**YOUR OBJECTIVE**. The answer is to be the lines below that lie between the line holding "Berkfield Home Coffee" and the line holding "Magnes pamiątkowy Muzeum", inclusive, transcribed exactly and free of pictures.

**DATA TO EXAMINE**.
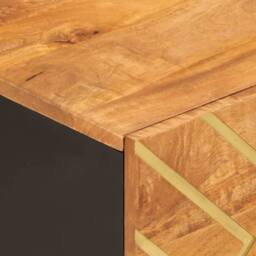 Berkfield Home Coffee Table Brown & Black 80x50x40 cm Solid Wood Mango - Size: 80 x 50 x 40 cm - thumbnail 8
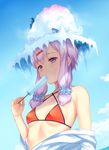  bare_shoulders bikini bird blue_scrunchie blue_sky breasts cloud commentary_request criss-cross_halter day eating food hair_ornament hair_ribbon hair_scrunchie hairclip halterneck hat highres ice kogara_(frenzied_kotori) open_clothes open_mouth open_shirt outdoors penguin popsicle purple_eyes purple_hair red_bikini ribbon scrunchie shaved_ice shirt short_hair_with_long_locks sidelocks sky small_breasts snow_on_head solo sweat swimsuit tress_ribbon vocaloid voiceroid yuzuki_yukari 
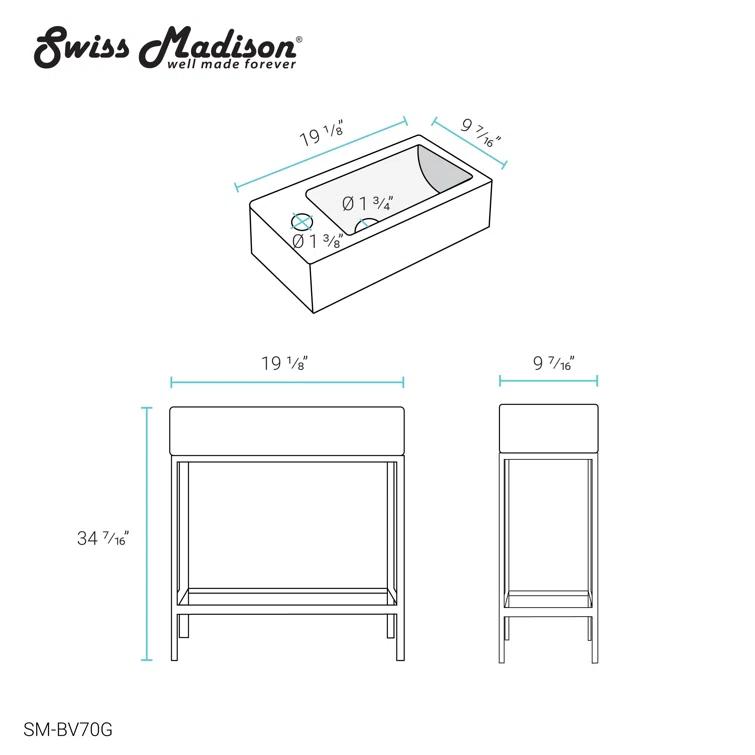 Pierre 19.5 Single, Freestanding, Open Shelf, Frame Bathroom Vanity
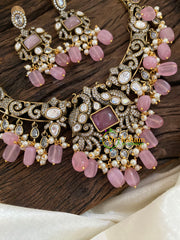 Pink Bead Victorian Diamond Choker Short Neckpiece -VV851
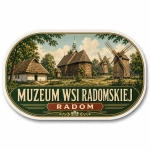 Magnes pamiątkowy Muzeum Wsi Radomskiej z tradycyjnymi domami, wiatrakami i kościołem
==
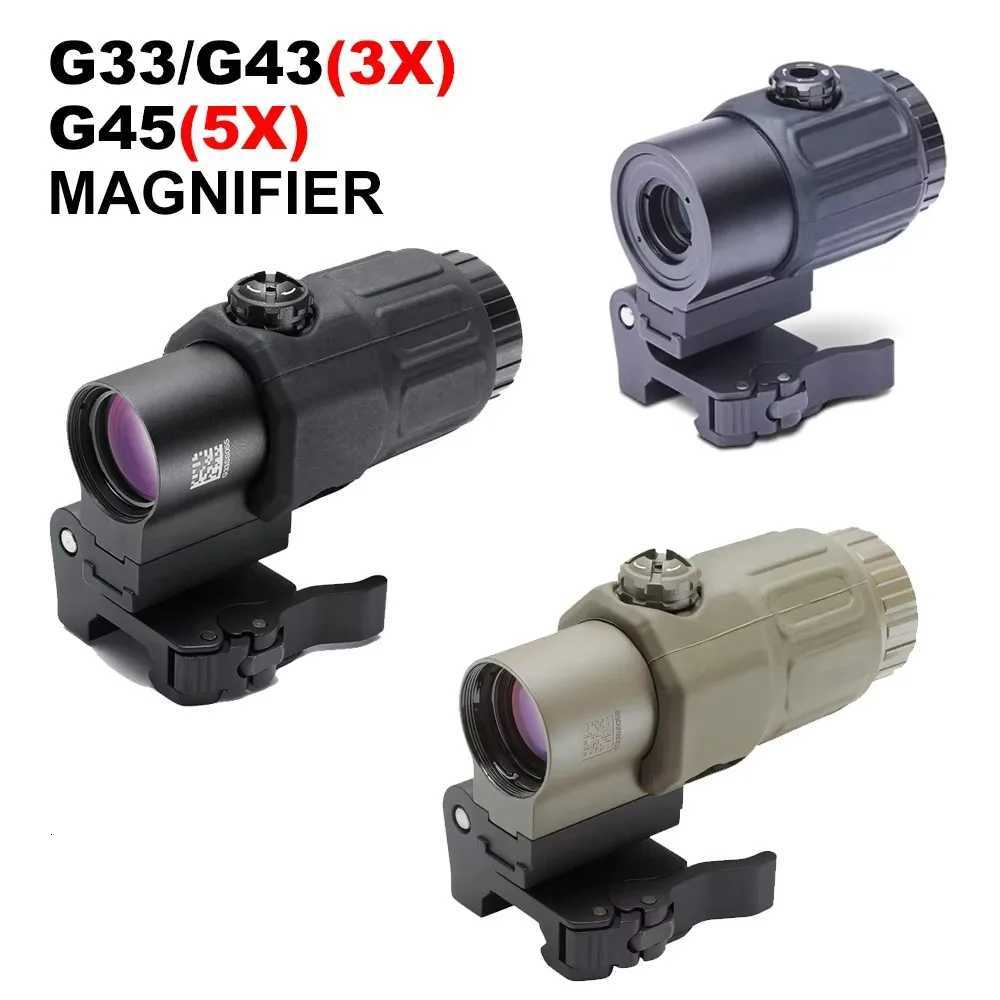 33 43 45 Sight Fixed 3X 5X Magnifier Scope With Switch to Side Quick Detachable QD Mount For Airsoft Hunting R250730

**ANSWER SPACE**.
 Berkfield Home Coffee Table Brown & Black 80x50x40 cm Solid Wood Mango - Size: 80 x 50 x 40 cm - thumbnail 8
  bare_shoulders bikini bird blue_scrunchie blue_sky breasts cloud commentary_request criss-cross_halter day eating food hair_ornament hair_ribbon hair_scrunchie hairclip halterneck hat highres ice kogara_(frenzied_kotori) open_clothes open_mouth open_shirt outdoors penguin popsicle purple_eyes purple_hair red_bikini ribbon scrunchie shaved_ice shirt short_hair_with_long_locks sidelocks sky small_breasts snow_on_head solo sweat swimsuit tress_ribbon vocaloid voiceroid yuzuki_yukari 
 Pierre 19.5 Single, Freestanding, Open Shelf, Frame Bathroom Vanity
 Pink Bead Victorian Diamond Choker Short Neckpiece -VV851
 Magnes pamiątkowy Muzeum Wsi Radomskiej z tradycyjnymi domami, wiatrakami i kościołem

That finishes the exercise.